Sunday, July 12, 2015

The root of all...

So Natalie was just recounting to us her experience her first week at Duke TIP, where she's taking Criminal Trial Advocacy, and she told us that she had won best in the class for some argument they presented, even though many of the kids in there are older than her and have copies of the Declaration of Independence and/or the amendments to the Constitution posted above their beds.  She also said that nobody's arguments had been particularly water-tight, including her own which she considered rather half-baked.

And within me I felt swell up at the same time tremendous pride, and deep below that a sense of relief that "my child will be OK."

This, I submit, is at the root of the hyper-competitiveness for our children to achieve at the absolute highest level, to get into Ivy League schools and then keep going, it is this fear that if they don't, they will not be OK later in life, that they will be subsumed within the wave of global competition and automation and shifts in the competitive landscape (you should hear doctors talk about the projected impact of Obamacare on their earnings prospects going forward) that continues to eat up once seemingly safe white-collar professions.

I don't think this is a new insight on my part, but I felt it pretty viscerally just then.

But the idea that my daughter-- super-smart, born into a family and place that prioritizes education and with other socio-economic advantages -- is at particular risk is, well, silly.  Compared to kids from truly at risk populations?

But we, members of the chattering class, are nonetheless driven by a deep-seated need to protect our littluns.  And, lord knows, we do.  We wear ourselves to the nib driving them to activities and paying for enrichment opportunities. We advocate for gifted programs in already high-achieving school systems.    And then we wonder why there is an achievement gap and blame the school system.


Anyway, today on the phone I did what I considered the most important thing for my daughter: I encouraged her to not be hard on herself for any imperfections in her legal arguments, because she had done great.  And when she said that she had been fighting a little cold and hadn't been running in the mornings as she had planned (because she wants to stay in shape for an ultimate tournament she has the day the summer school ends), I told her to rest, hydrate, and have fun and don't beat herself up.

Because, lord knows, I am all too good at that, and that's what I don't want her to learn to do.

1 comment:

K said...

This is such an interesting post. I'm writing a book about unschooling and recently struck the phrase "hyper competitive." I'm going to put it back in right now.

My father recently divorced a person who is wealthy at the top 1% level. This person's deepest fear is poverty. So naturally, they live a life of poverty. Down to clutching at every penny and every single piece of paper. I'm speaking literally about the pieces of paper---every single one. Their fear is far greater than their wealth. I know families on the poverty line who live richer in the most important ways. The covetousness and sense of competition that rolls off this person is so sad and, given the reality of actual poverty and living in competition against the poor, obscene. If you consider poverty of spirit, its possible to feel compassion...

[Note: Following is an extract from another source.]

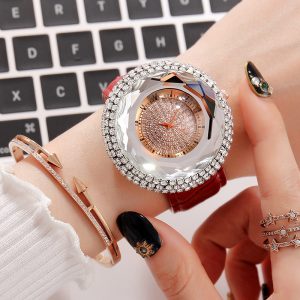 Montre habillée en biscuits blanc pour femme, montre-bracelet à quartz pour femme, bracelet en cuir, luxe, mode décontractée, 2020 AI0001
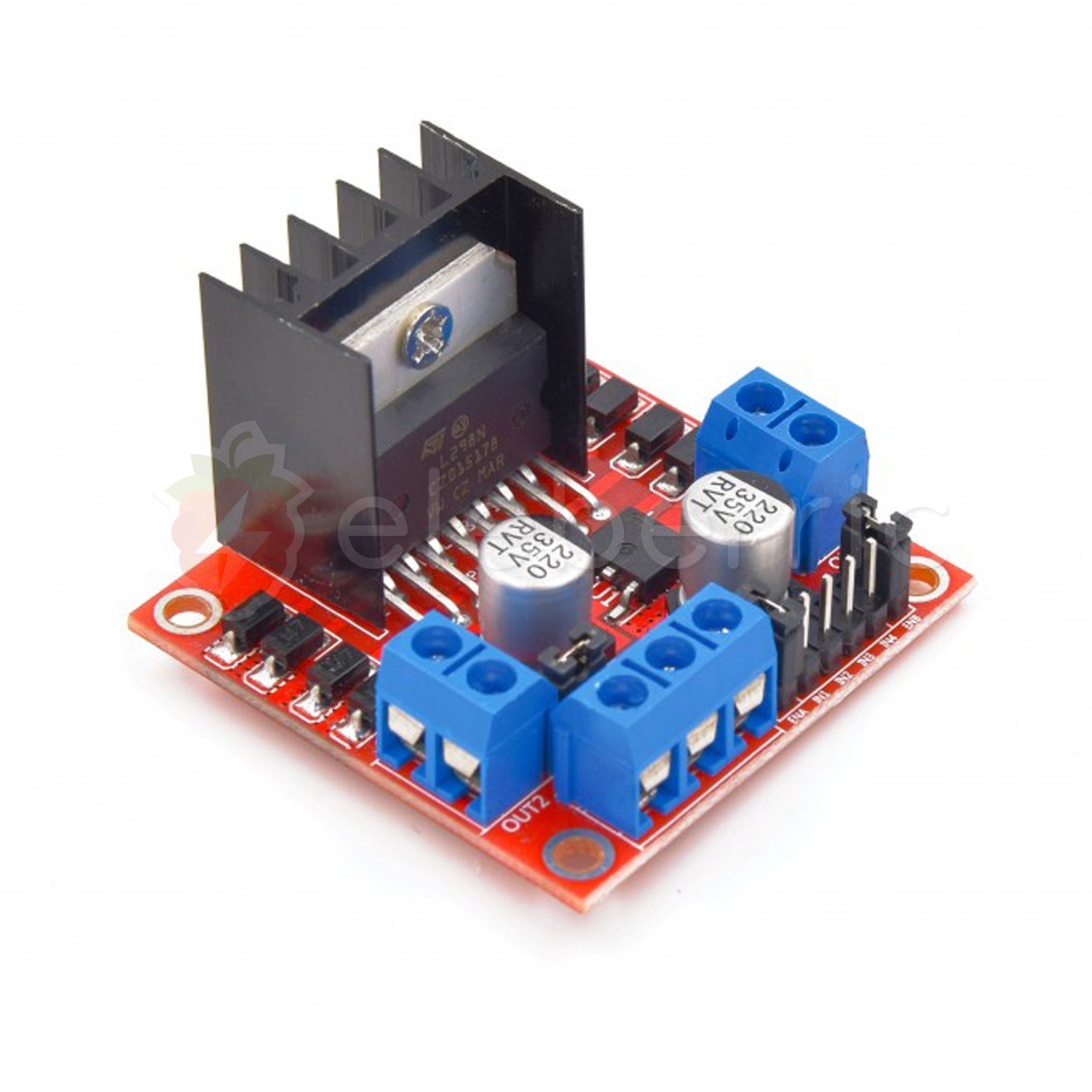 L298N Motor Driver Module Full View 1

No amount of money or educational status can insulate us from fear and pain. How can we grow intelligent kind courageous successful children in the face of that truth? That's partly what my book is about. What I love about this post is that I know you to be thoughtful kind and courageous and raising awesome kids. And I try. So we are working at opposite ends of the educational spectrum toward the same goal. That's nice and a balancing kind of thought to begin the day.